BentoML is hiring a Senior Site Reliability Engineer to own the infrastructure for worldwide large language model and generative AI services. You will architect and operate Kubernetes clusters across AWS, Google Cloud, and on-premises environments, turning extensive GPU resources into responsive inference pools.
What You'll Do
- Design, run, and improve large multi-cluster Kubernetes environments on AWS and Google Cloud, plus on-premises clusters.
- Manage infrastructure with Terraform or Pulumi and follow GitOps workflows.

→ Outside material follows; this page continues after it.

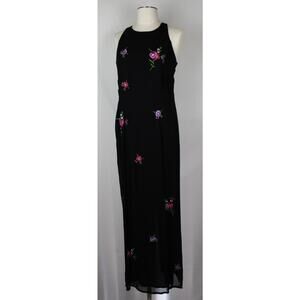VTG Karin Stevens Black Sundress Size 8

- Maintain automated build and release pipelines with reliable rollback capabilities.
- Manage NVIDIA drivers, MIG partitioning, autoscaling, and firmware updates, extending practices to AMD GPUs.
- Operate and scale Prometheus and Grafana, define SLIs/SLOs, and automate capacity tracking.
- Share an on-call rotation, lead post-incident reviews, and keep runbooks current.
- Establish standard SRE processes and teach best practices to the wider engineering team.
What We're Looking For
- Expert knowledge of Kubernetes internals and large-cluster administration, both cloud and on-prem.
- Hands-on experience with AWS and Google Cloud.
- Strong skills with Terraform or Pulumi, GitOps tools like Argo CD or Flux, and CI/CD pipelines.
- Deep understanding of Linux and networking fundamentals.
- Experience managing NVIDIA GPU clusters.
- Solid background with Prometheus and Grafana at scale.
- Clear written and spoken communication and comfort working across time zones.
Nice to Have
- Familiarity with Azure or Oracle Cloud.
- AMD/ROCm knowledge.
- Familiarity with specialized GPU clouds such as Lambda or Nebius.
Technical Stack
- Kubernetes, AWS, Google Cloud
- Terraform, Pulumi
- GitOps (Argo CD, Flux)
- CI/CD pipelines, Linux
- NVIDIA GPU, AMD/ROCm
- Prometheus, Grafana
Benefits & Compensation
- Competitive salary and equity
- Remote work
- Learning budget
- Paid conference travel
Work Mode
This is a global, remote position open to candidates in North America and Asia.
BentoML is an equal opportunity employer.